Return an exact copy of the data, starting at its first line and ending at the line that contains "Resultado de imagen", minus any pictures.

(Items from a dataset)
★ ★ ★

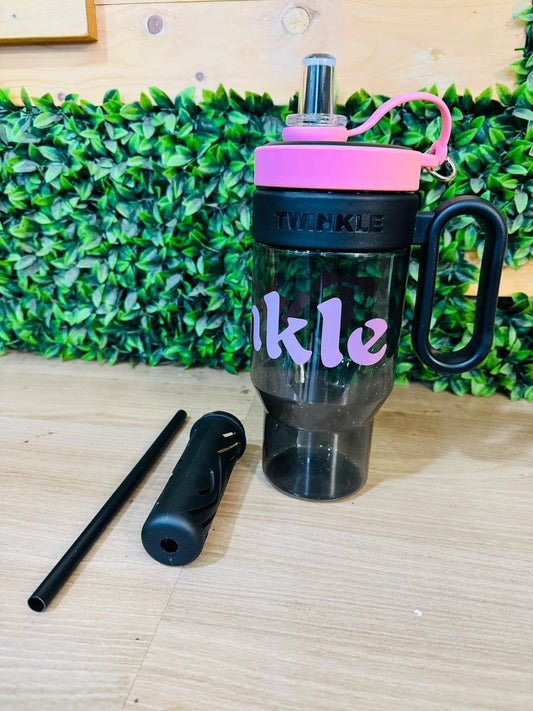 RAYCRAFT WORLD 600ML Plastic Sipper with Plastic Handle Great for Making and Storing Smoothies, Protein Shakes, juices.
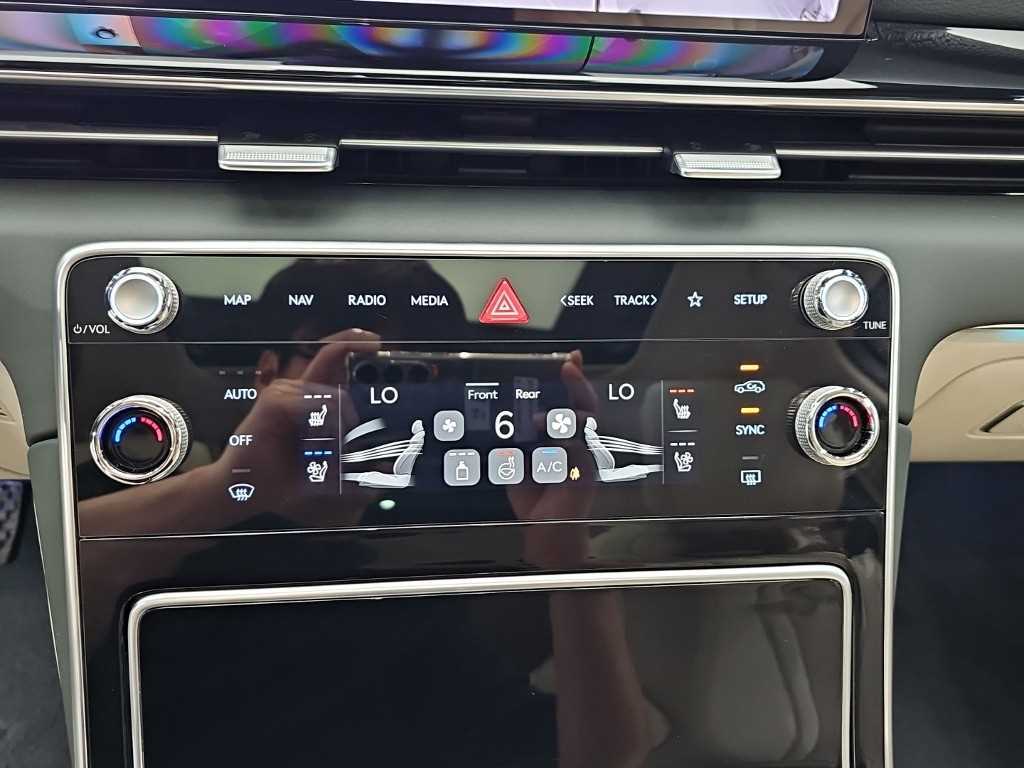 Genesis GV80 - Vista 12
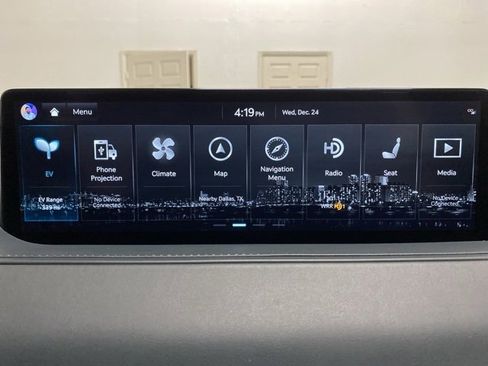 Used 2024 Genesis G80 image 41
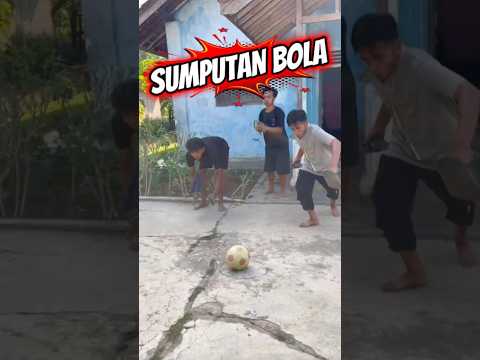 Kalian tau ga permainan sumputan bola #comedy #viral #shorts #wakotu
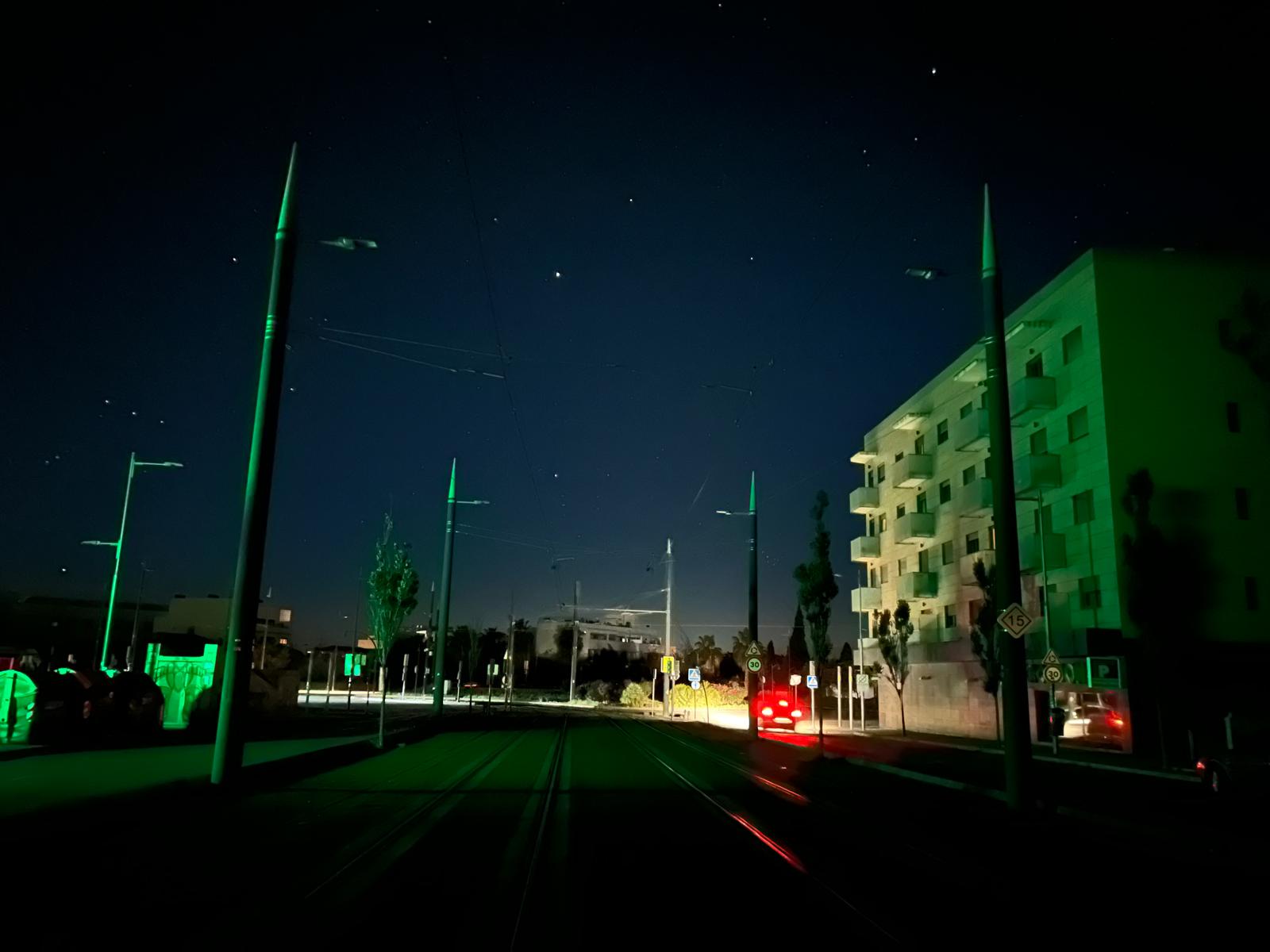 Las insólitas imágenes de una noche a oscuras en Granada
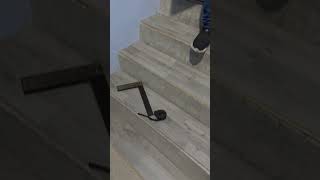 COLOCACIÓN DE PISO LAMINADO SOBRE ESCALERA viral construction shortvideos youtubeshorts [upl. by Henig248]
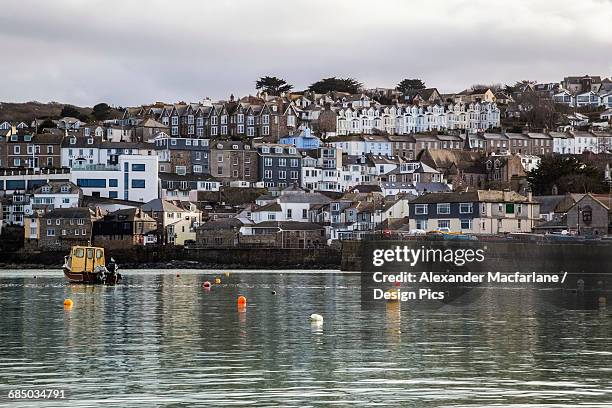 fishing boats in st. ives harbour - st ives fotografías e imágenes de stock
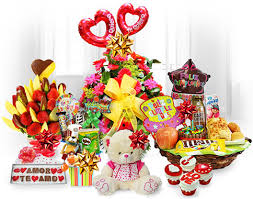 Resultado de imagen para imagenes de todo tipos de regalos peluches flores chocolates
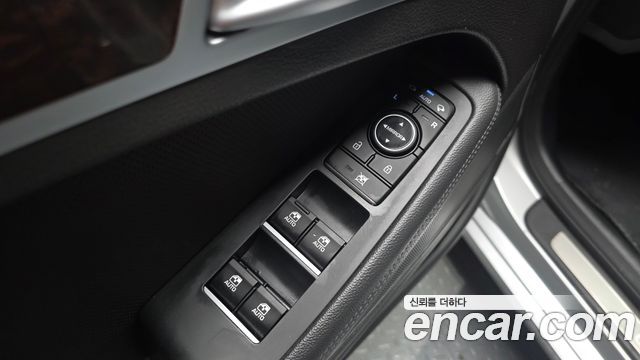 Hyundai Genesis 2016 — photo 29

★ ★ ★

[ANSWER SECTION]:
 RAYCRAFT WORLD 600ML Plastic Sipper with Plastic Handle Great for Making and Storing Smoothies, Protein Shakes, juices.
 Genesis GV80 - Vista 12
 Used 2024 Genesis G80 image 41
 Kalian tau ga permainan sumputan bola #comedy #viral #shorts #wakotu
 Las insólitas imágenes de una noche a oscuras en Granada
 COLOCACIÓN DE PISO LAMINADO SOBRE ESCALERA viral construction shortvideos youtubeshorts [upl. by Henig248]
 fishing boats in st. ives harbour - st ives fotografías e imágenes de stock
 Resultado de imagen para imagenes de todo tipos de regalos peluches flores chocolates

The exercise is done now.